Desgraciadamente los insultos, las humillaciones, los desprecios, las palizas… son delitos de odio demasiado habituales en muchas sociedades occidentales, en los últimos años, por culpa del odio al pobre y por eso la mitad de los sintecho afirman ser víctima de agresiones violentas. De ahí que cada vez sea más importante y necesario educar para la inclusión y la cooperación y no para el conflicto.
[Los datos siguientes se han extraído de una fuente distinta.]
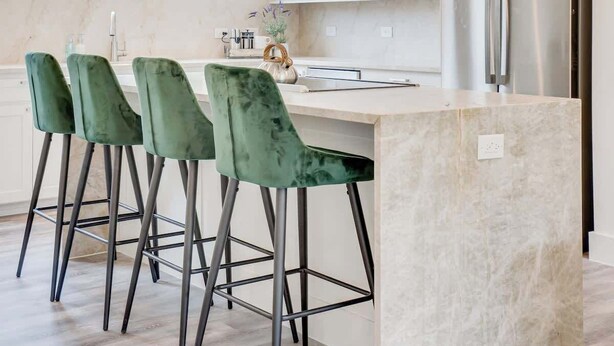 A modern kitchen with a central island, bar stools, a stainless steel refrigerator, and pendant lighting. - Funky | Whimsical |Steps from Highland Park (Dallas)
Muchos nos preguntamos ¿qué culpa tiene el pobre de no tener dinero? En realidad, es la fobia hacia el pobre la que lleva a rechazar a las personas, razas y etnias habitualmente sin recursos y como todo hay que decirlo: “solo los imbéciles se permiten el lujo de profesar este tipo de odios”. Kant, el filósofo, ya había establecido tres tipos de ideales: la ética de los demonios estúpidos, la de los demonios inteligentes y la de las personas, amén de inteligentes, justas y solidarias. Los primeros excluyen a otros en cada esfera social; creyendo que no tienen nada interesante que ofrecer; los segundos tratan de averiguar con quiénes interesa sellar pactos y las personas reconocen el valor, en sí mismo, de cada ser humano.